The third common character class sequence is \s representing a whitespace. The 5 characters it matches are horizontal tab, the newline, the form feed, the carriage return, and the space. In recent version of Perl there are some experimental changes that will probably not affect you. Check out the details if in doubt.

\D, \W, \S - negated character classes

As you might remember putting a caret as the first character in a character-class means that the character-class is negated. It will match any single character except the ones listed. So [^\d] would mean any non-digit character.

To make it easier to write this, perl provides the \D character-class which means exactly the same.

Similar to \D there are also negated versions of the other two character classes:

Character Class        Negated      Meaning
\d                     \D           [^\d]
\w                     \W           [^\w]
\s                     \S           [^\s]

POSIX character classes

POSIX is a family of standards for maintaining compatibility between operating systems. Among other things it also specifies a number of "groups of characters" with a name. It has groups called alpha, alnum, etc. Perl provides special sequences to match a single character in one of these groups.

The syntax is [:alpha:] to match a single character from the group called alpha.

The POSIX character classes can only be used inside a bigger character class, so you will need to write /[[:alpha:]]/ if you really wanted to match a character in the alpha group.

Actually it is very unlikely that you will need these character classes, but if you do, you can check out more details about them in the documentation.

Unicode character classes

Unicode is a definition of "all" the existing characters in the world. More than 100,000. Each character is described as a character point, but certain characters are also grouped together. You can use the \p{...} notation to match a single character from one of these groups.

For example if you need to match a Thai character you can use the \p{Thai} expression. If you need to match anything except a Thai character you can use the corresponding \P{Thai} expression.

You can use these as stand-alone character classes /\p{Thai}/ or as part of a larger character class: /[\p{Thai}\p{Arabic}]/.
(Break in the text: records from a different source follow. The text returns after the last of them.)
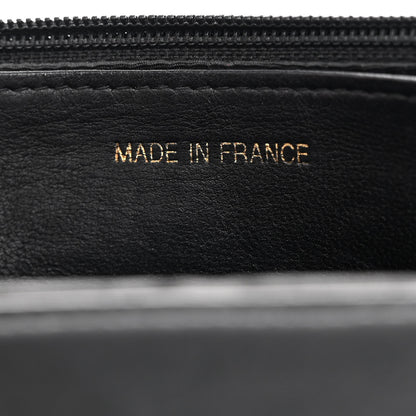 Chanel Caviar Timeless CC Wallet on Chain WOC Black 7 of 11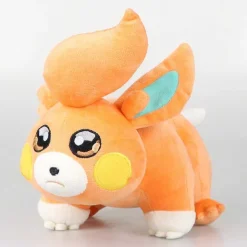 Pkm.store Pokemon Kuscheltiere-Pokemon Pluschfigur Pamo Pawmi, Ca. 20 Cm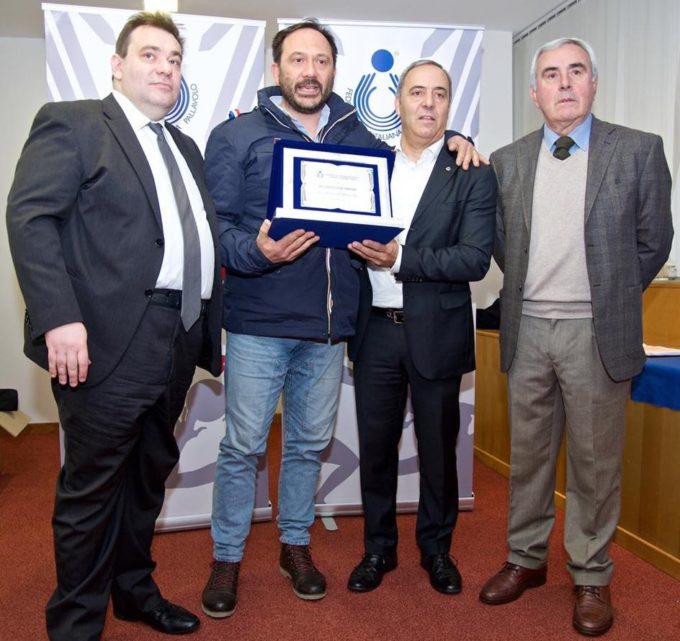 Volley Club Frascati premiata per i 50 anni di attività, Musetti: «Un grande traguardo»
There are, of course, a lot more details, so if you need to handle interesting characters, you should read the documentation

Expression    Meaning                                              Usage
\w            Word characters: [a-zA-Z0-9_]                        \w+ or [\w#-]+
\d            Digits: [0-9]    
\s            [\f\t\n\r ]
              form-feed, tab, newline, carriage return and SPACE
\W            [^\w]    
\D            [^\d]    
\S            [^\s]    
[:class:]    POSIX character classes (alpha, alnum...)             [[:alpha:]]+ or [[:alpha:]#-]+
\p{...}      Unicode definitions (Alpha, Lower, That, ...)         \p{Thai}+ or [\p{Thai}#!-]
\P{...}      Negation of Unicode character class

Comments

"... as we just saw it or in this example: /#[XYZ]-\d\d\d/" I do not recall seeing it! What is the url?